Some of the lines below need repeating. Reproduce exactly those between the lines holding "Sketchup古建筑模型|多层古塔，中式风格，古建-BIM建筑网" and "00473_Xavier005 Adult Caucasian", inclusive.

Task input Start Marker

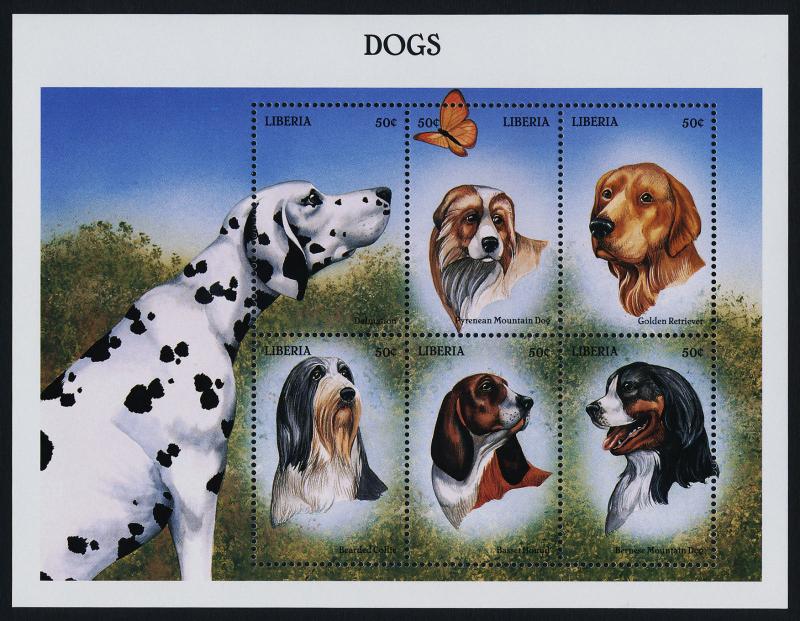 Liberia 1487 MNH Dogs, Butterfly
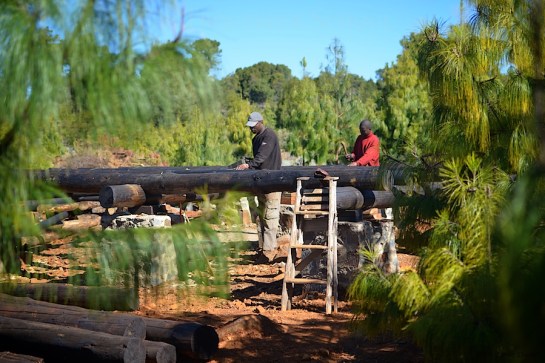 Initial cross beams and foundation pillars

Task input End Marker
Task input Start Marker

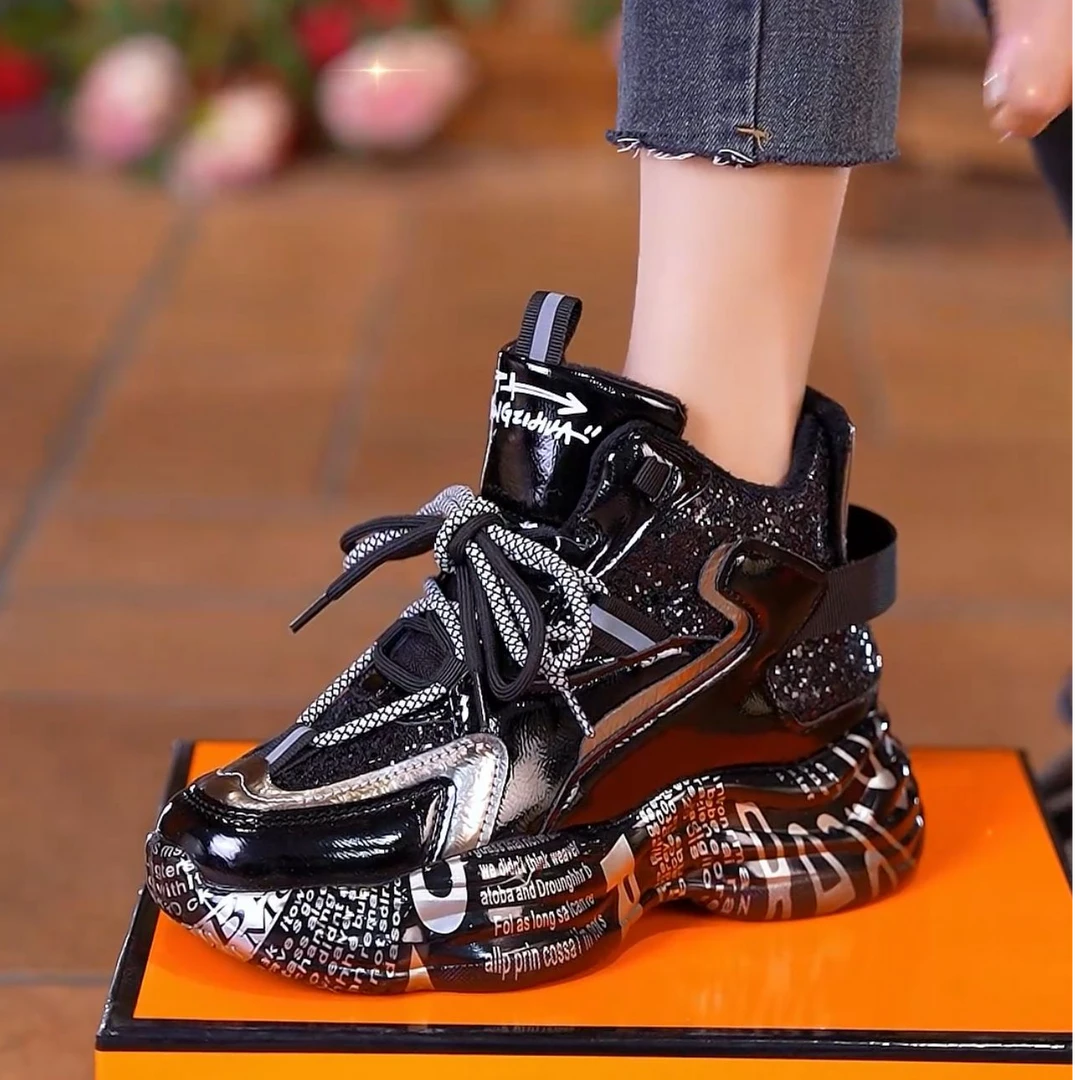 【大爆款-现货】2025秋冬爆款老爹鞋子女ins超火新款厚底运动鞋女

Task input End Marker
Task input Start Marker

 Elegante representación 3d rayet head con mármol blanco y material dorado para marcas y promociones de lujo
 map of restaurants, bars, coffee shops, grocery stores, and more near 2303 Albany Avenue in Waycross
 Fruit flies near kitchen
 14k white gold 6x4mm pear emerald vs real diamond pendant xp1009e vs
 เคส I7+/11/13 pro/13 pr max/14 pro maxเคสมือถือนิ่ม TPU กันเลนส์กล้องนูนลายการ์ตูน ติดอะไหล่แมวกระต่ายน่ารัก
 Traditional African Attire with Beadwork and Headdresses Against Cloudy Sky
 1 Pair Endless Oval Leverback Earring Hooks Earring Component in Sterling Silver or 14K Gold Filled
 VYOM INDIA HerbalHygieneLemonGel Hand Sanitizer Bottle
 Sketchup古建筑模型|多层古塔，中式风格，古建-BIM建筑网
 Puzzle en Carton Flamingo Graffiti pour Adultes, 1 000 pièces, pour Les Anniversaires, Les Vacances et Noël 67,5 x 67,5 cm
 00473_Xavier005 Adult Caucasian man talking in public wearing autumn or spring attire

Task input End Marker

#### Answer box:
 Sketchup古建筑模型|多层古塔，中式风格，古建-BIM建筑网
 Puzzle en Carton Flamingo Graffiti pour Adultes, 1 000 pièces, pour Les Anniversaires, Les Vacances et Noël 67,5 x 67,5 cm
 00473_Xavier005 Adult Caucasian man talking in public wearing autumn or spring attire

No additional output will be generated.